* _Required action_
Repeat the whole listing word for word, skipping pictures.

* _Information shown_
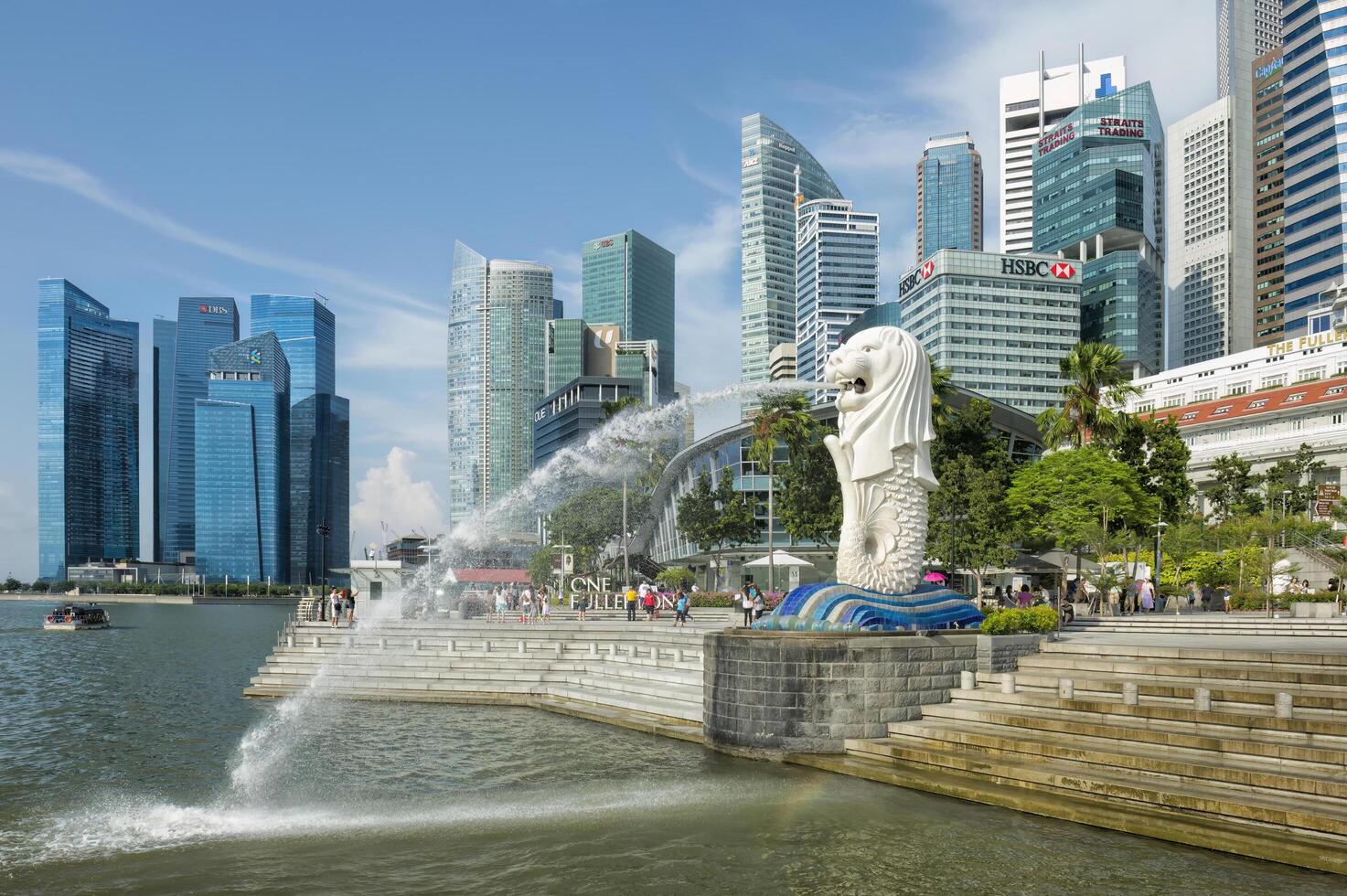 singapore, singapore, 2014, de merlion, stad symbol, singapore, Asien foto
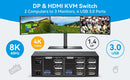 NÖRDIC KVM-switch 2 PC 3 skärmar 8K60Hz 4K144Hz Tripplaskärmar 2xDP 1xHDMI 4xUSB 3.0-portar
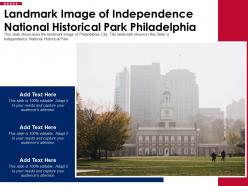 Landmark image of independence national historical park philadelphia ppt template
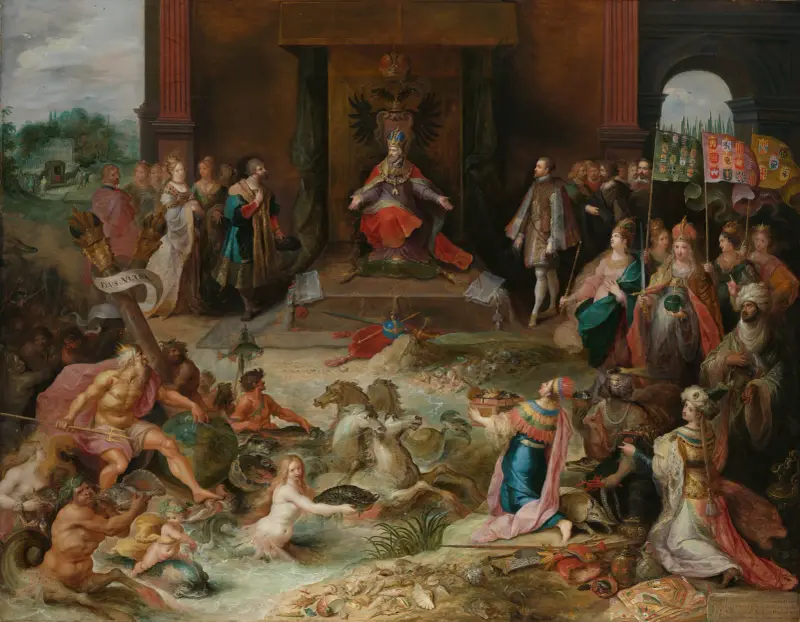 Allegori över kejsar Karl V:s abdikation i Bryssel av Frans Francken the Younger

* _Reply_
 singapore, singapore, 2014, de merlion, stad symbol, singapore, Asien foto
 NÖRDIC KVM-switch 2 PC 3 skärmar 8K60Hz 4K144Hz Tripplaskärmar 2xDP 1xHDMI 4xUSB 3.0-portar
 Landmark image of independence national historical park philadelphia ppt template
 Allegori över kejsar Karl V:s abdikation i Bryssel av Frans Francken the Younger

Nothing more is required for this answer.